*** EXCERPTED RECORDS ***

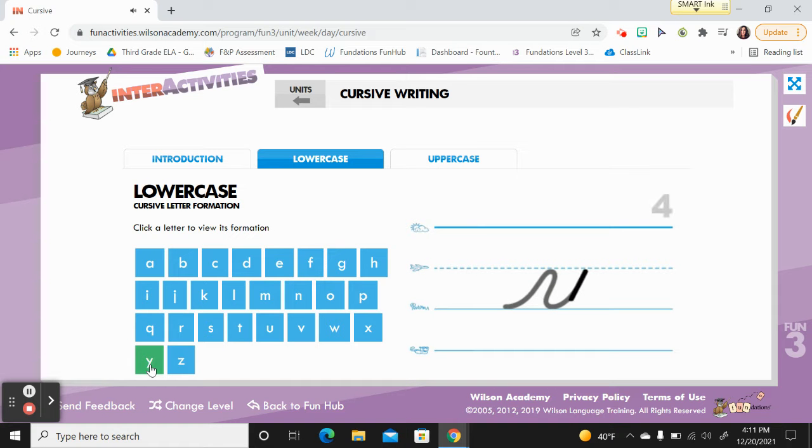Trace way down to the worm line. Loop back up to the grass line and make a tail.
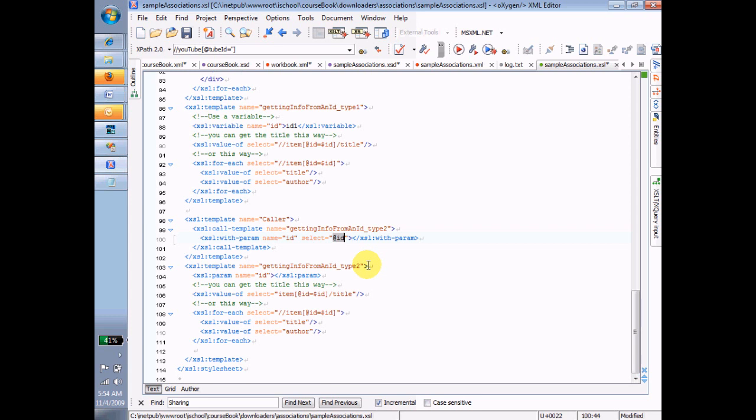So maybe you've gotten used to this idea by now, or maybe it's still sinking into you. But a basic motif we've used in all of our XML files has been that we have information types in them, and inside those information types, they always start with an element, an ID.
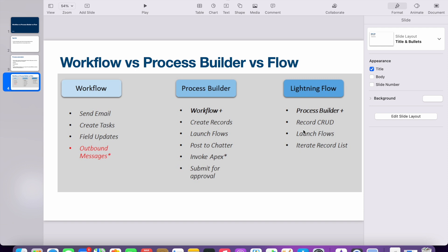Flow can do everything that process builder can do, and additionally it supports full record CRUD operations: create a record, read a record, update a record, and delete a record. You can also launch flows and iterate over fetched records. These are the additional things that Lightning Flow is capable of doing.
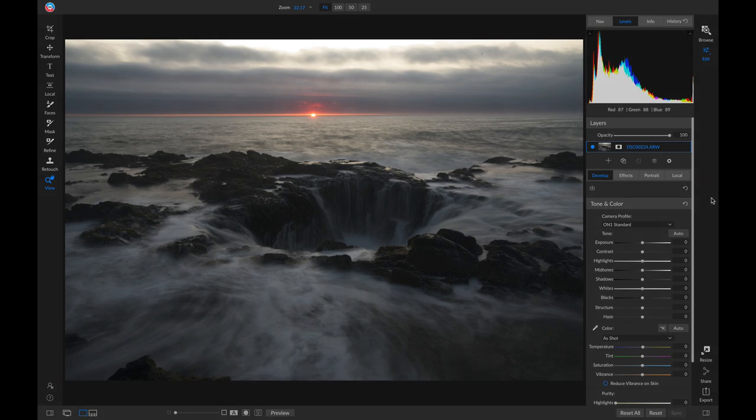Hey everyone! In this short video, let's talk about RAW processing and why you should try shooting in RAW the next time you go out and photograph.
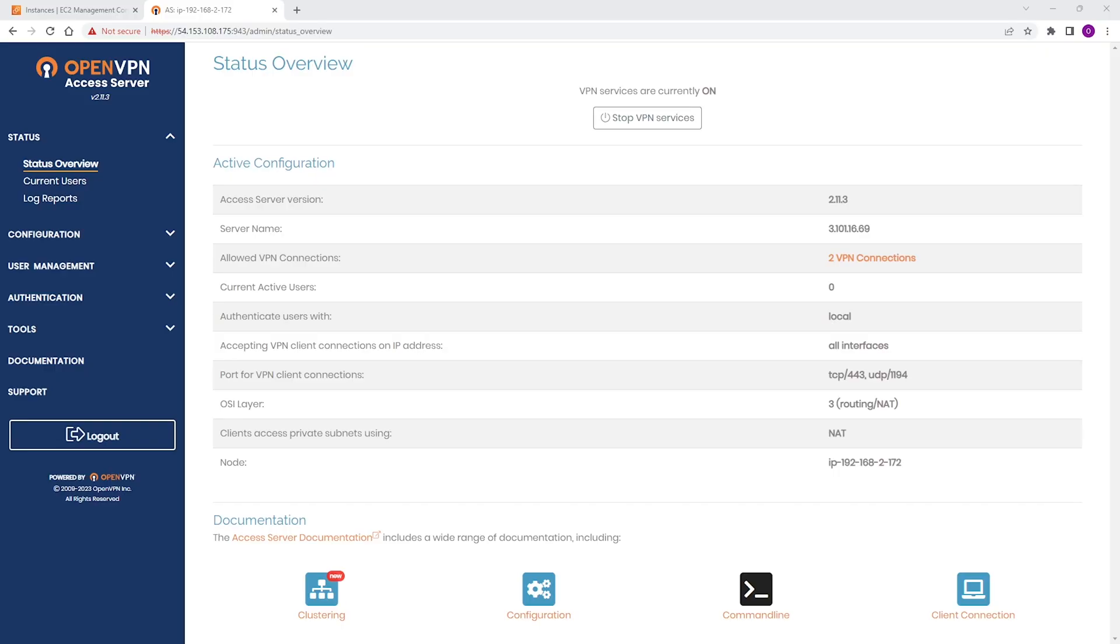Let's look at how to create a user account on Access Server. We're also going to look at the user experience when they log in or try to connect to Access Server for the very first time. At the time of this recording, our version of Access Server is 2.11.3.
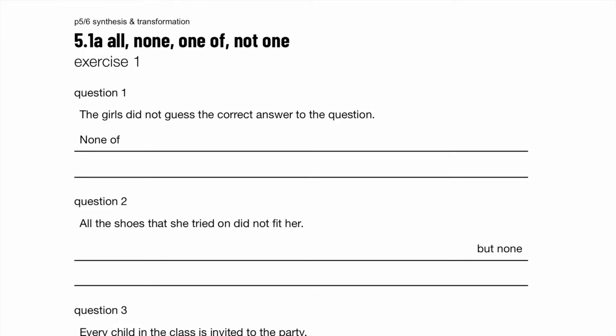In this video, we are working with synthesis, specifically questions with all, none, one of, and not one. The key concept here is deciding singular or plural verbs for singular or plural subjects. I'm at 9 subscribers, which makes me extremely happy — it's one away from a two-digit number! Let's begin.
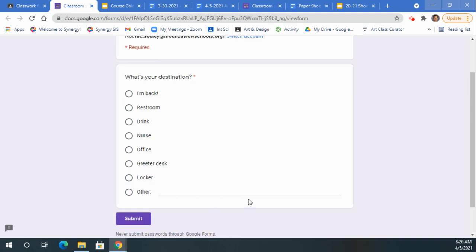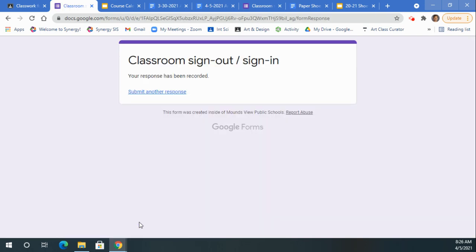That way we can keep track of who's in at what time and who's out at what time to make sure things work. So let's say you need to use the restroom, click Restroom, submit, and then you're good to go.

***

## YOUR GOAL
Leave every picture out, and reproduce exactly the lines from the line bearing "In this video, we" through the closing line of the material above.

## REPLY TO THE TASK
In this video, we are working with synthesis, specifically questions with all, none, one of, and not one. The key concept here is deciding singular or plural verbs for singular or plural subjects. I'm at 9 subscribers, which makes me extremely happy — it's one away from a two-digit number! Let's begin.
That way we can keep track of who's in at what time and who's out at what time to make sure things work. So let's say you need to use the restroom, click Restroom, submit, and then you're good to go.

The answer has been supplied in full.